Environmental Engineering students host local elementary school students

Environmental+Engineering+students+taught+Paxinosa+Elementary+School+students+about+topics+including+water+quality.+%28Photo+courtesy+of+Leena+Shevade%29

Environmental Engineering students taught Paxinosa Elementary School students about topics including water quality. (Photo courtesy of Leena Shevade)

You may not associate an advanced environmental engineering class with fourth graders, but the Landis Center’s Connected Classroom program makes those two things quite the pair.

The program seeks to teach young students about higher-level learning, as well as teach college students how to talk about their respective fields with non-professional or non-academic audiences.

Professor Leena Shevade, a civil and environmental engineering visiting assistant professor, is currently employing the program in her Environmental Engineering course, which hosts students from Paxinosa Elementary School in Easton.

Shevade’s goal is multifaceted and benefits both the fourth-grade students and the students in her class. 

“One of my learning objectives for this course is my student should be able to communicate science with non-technical people, non-science people and from a range of ages or ethnicities,” Shevade said. “[Students learn] how to take a big piece of information, and then how [to] break it down into smaller pieces that are digestible to [fourth-grade students].”

According to Naomi Shertzer ‘25, a student in Shevade’s class, the class’s participation in the Connected Classroom program fosters a meaningful connection between Lafayette and the Easton community.

“Working with the Paxinosa students really connects Lafayette students to the community of Easton … and getting to work with them is really great,” Shertzer said.  

The program allowed Shertzer to review the material the class covered in a meaningful way.

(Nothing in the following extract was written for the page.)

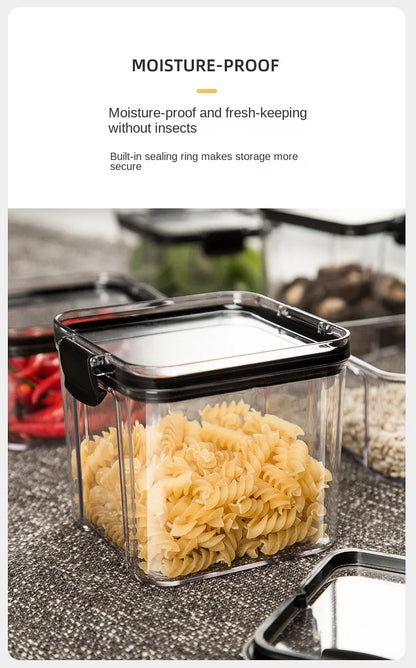 Juego de recipientes herméticos de cocina – Contenedores grandes de plástico para granos con tapas a prueba de humedad para almacenar alimentos y condimentos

“We took what we learned and then made a presentation about it for fourth graders … That was a really great way to reflect on what we had learned and kind of use our knowledge in a way that we’re not used to [in order] to teach a completely different grade level,” Shertzer said.  

Shevade said that the program is important because it allows young students to learn about relevant scientific information. The class uses their collaboration with the Paxinosa students to teach young kids about important issues, specifically the issue of water quality.   

“My group did a hands-on experiment with them. We had really dirty water and the students got to pick the order of their filter system, and then they poured the water through and they could see how it filtered out the dirt … They really enjoyed [it],” Shertzer said. 

Another element of the program that Shevade finds rewarding is how fulfilling it is for her students. Her students’ excitement about Connected Classroom is one of her favorite things about teaching a class involved in the program. 

“[My students] were super happy with the overall experience. They could talk with the kids and they were able to communicate [science] … They enjoyed that process for sure,” Shevade said. 

“It was really great to take what we had learned, and turn it into a presentation for younger kids and get to expose them to a completely new subject for them,” Shertzer said. 

Disclaimer: Naomi Shertzer ’25 is the Design Director for The Lafayette.